▶ _What the exercise asks_
An exact copy of the listing below is needed, with no pictures in it.

▶ _Data under study_
——

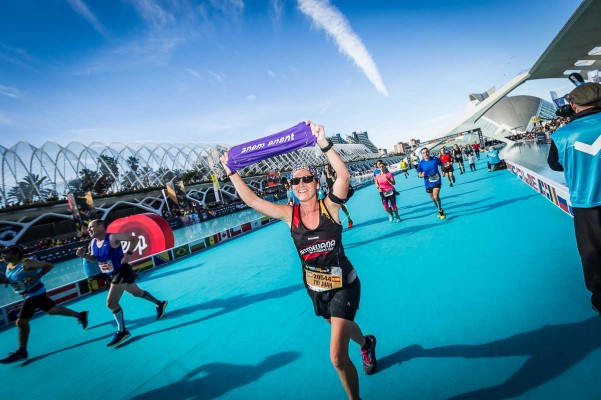 El Circuit 5K ya roza la igualdad en sus entrenamientos con la meta de potenciar la cifra de mujeres en Medio y Maratón Valencia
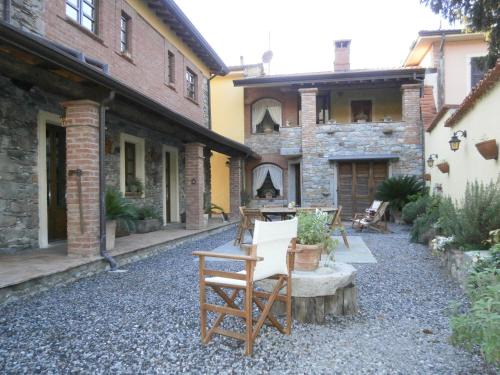 Beverino Casa | La cascina di Anna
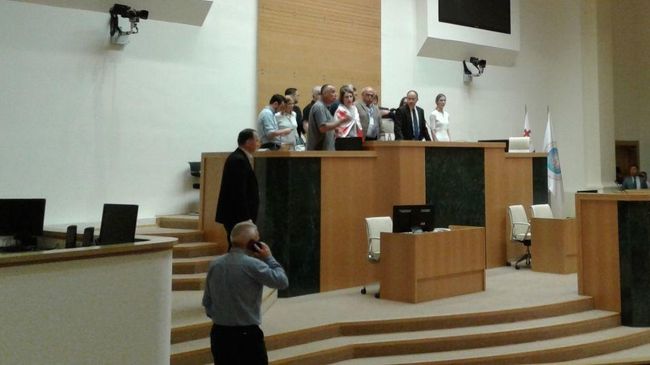 Оппозиционные депутаты сорвали сессию Межпарламентской ассамблеи православия в Грузии. 20 июня 2019 Оппозиционные депутаты сорвали сессию Межпарламентской ассамблеи православия в Грузии. 20 июня 2019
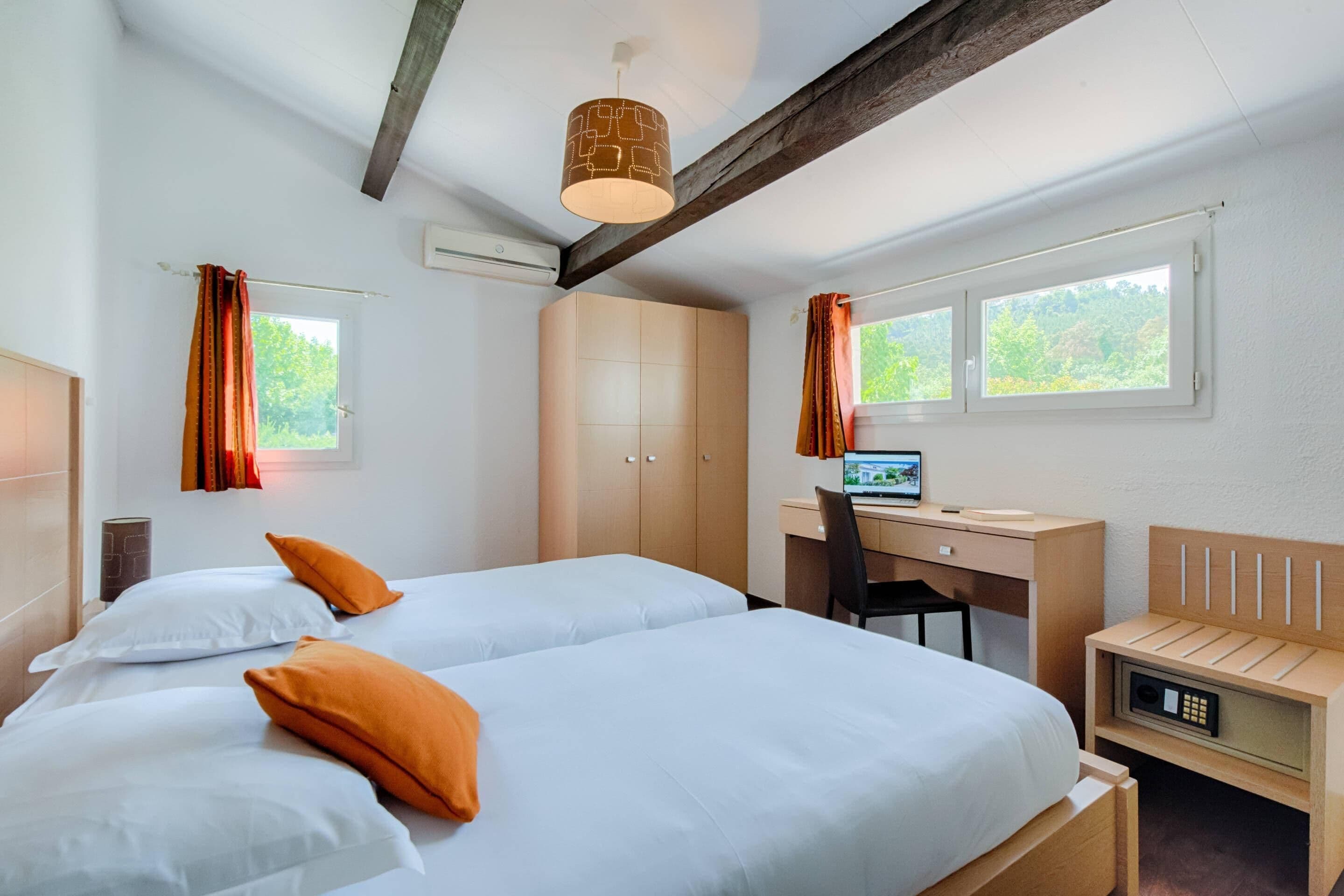 Appartement 1 chambre eco 2 personnes | Hochwertige Bettwaren, individuell eingerichtet, Schreibtisch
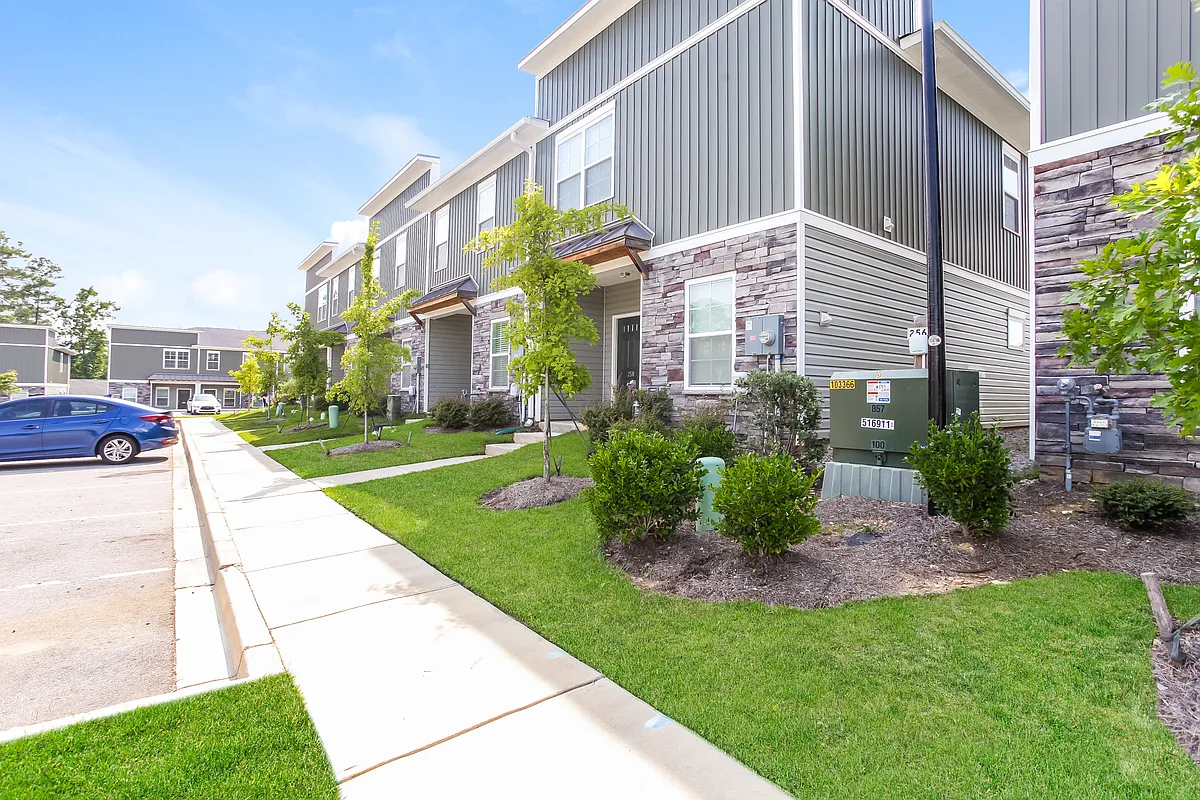 Building Photo - 258 Duck Grove Way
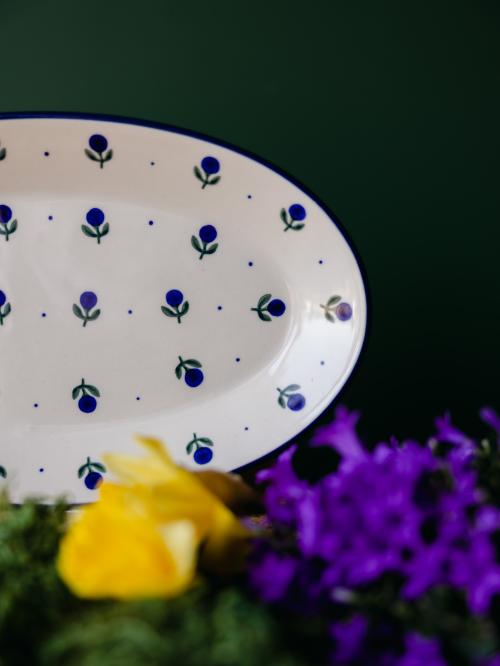 Zbliżenie na brzeg ceramicznego półmiska.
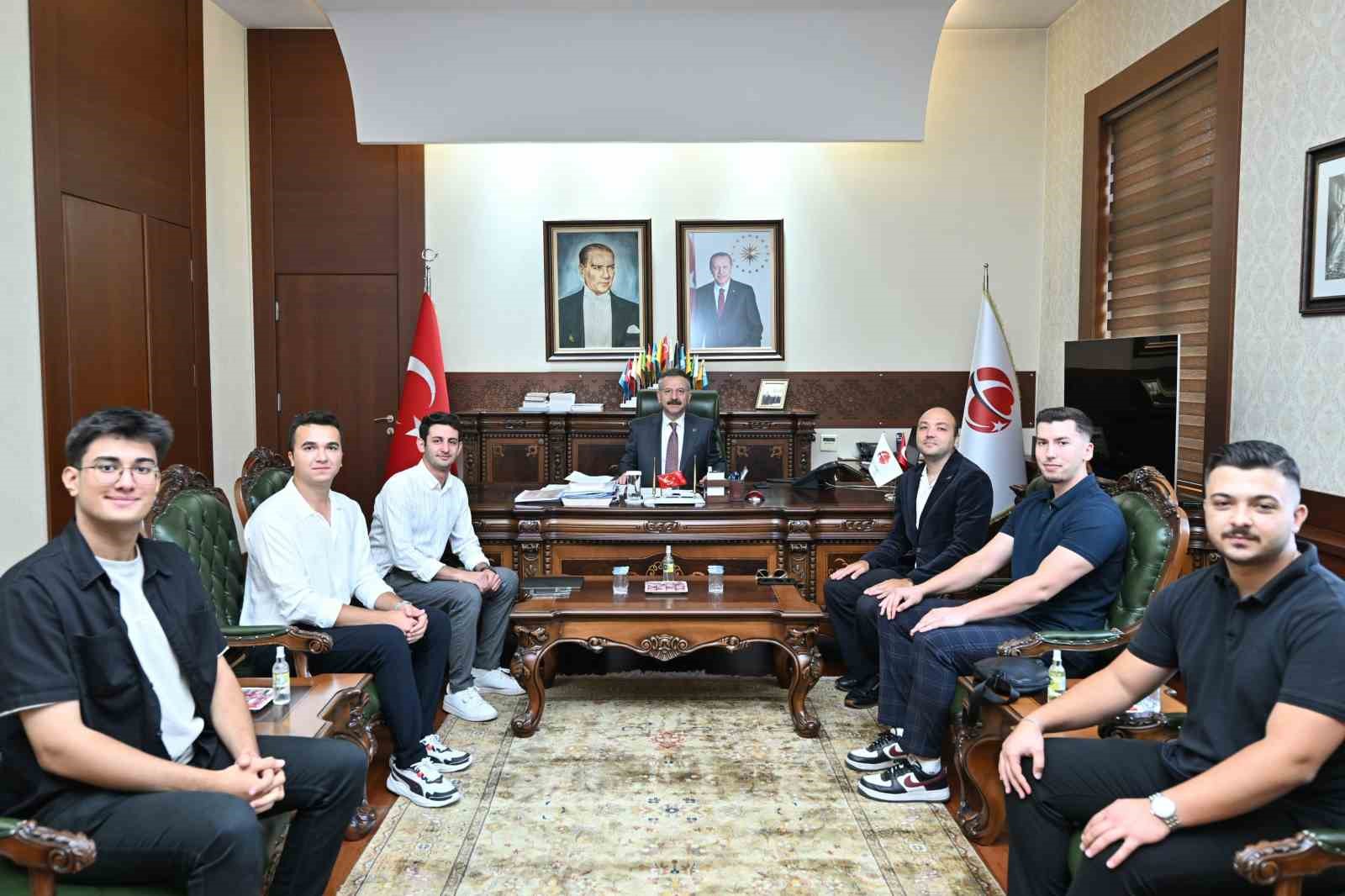 Vali Aksoy, ödüllü Mavera Teknoloji Takımı’nı makamında ağırladı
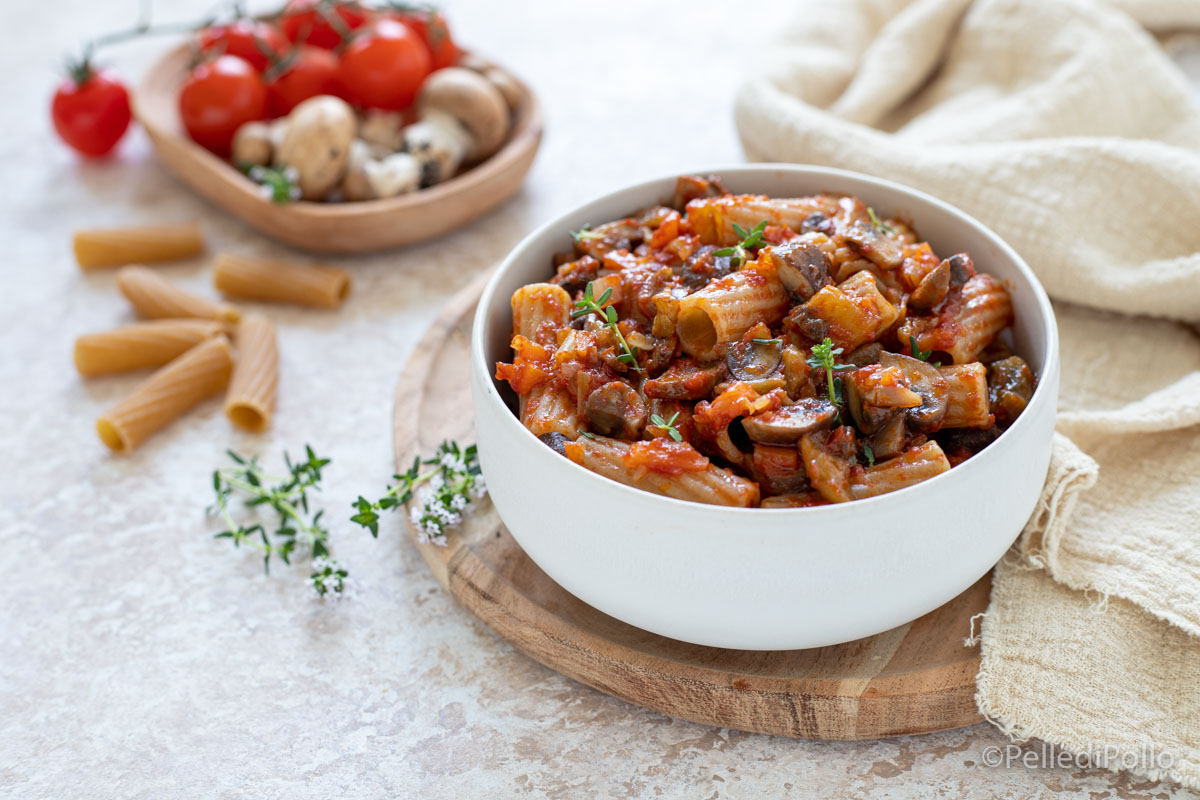 Pasta al sugo di funghi e melanzane
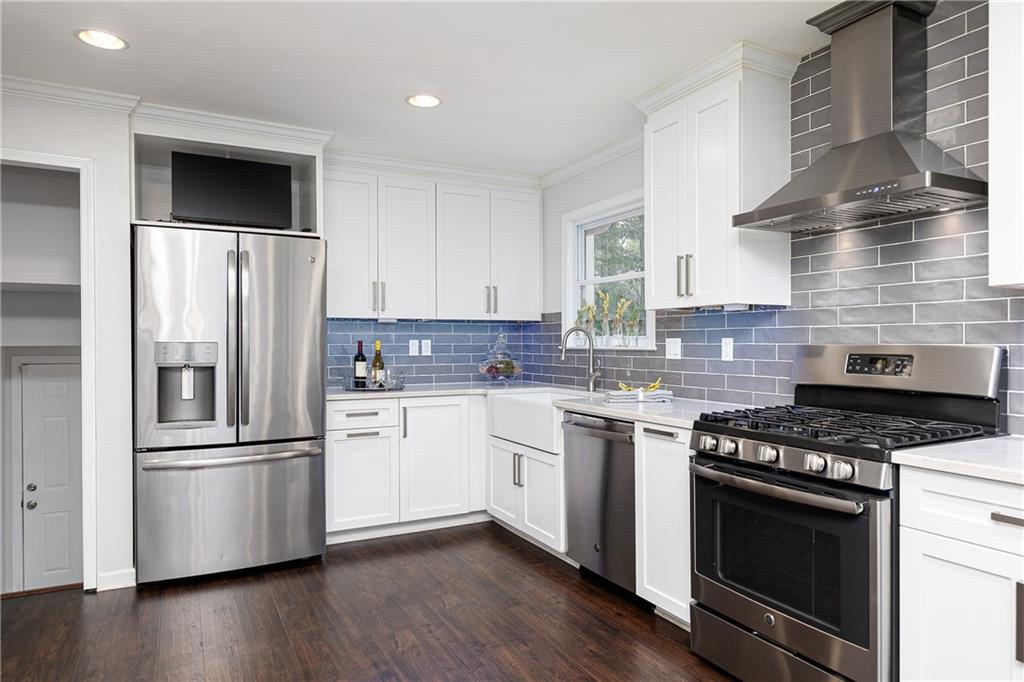 3848 Creek Hollow Way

——

▶ _Output of the exercise_
 El Circuit 5K ya roza la igualdad en sus entrenamientos con la meta de potenciar la cifra de mujeres en Medio y Maratón Valencia
 Beverino Casa | La cascina di Anna
 Оппозиционные депутаты сорвали сессию Межпарламентской ассамблеи православия в Грузии. 20 июня 2019 Оппозиционные депутаты сорвали сессию Межпарламентской ассамблеи православия в Грузии. 20 июня 2019
 Appartement 1 chambre eco 2 personnes | Hochwertige Bettwaren, individuell eingerichtet, Schreibtisch
 Building Photo - 258 Duck Grove Way
 Zbliżenie na brzeg ceramicznego półmiska.
 Vali Aksoy, ödüllü Mavera Teknoloji Takımı’nı makamında ağırladı
 Pasta al sugo di funghi e melanzane
 3848 Creek Hollow Way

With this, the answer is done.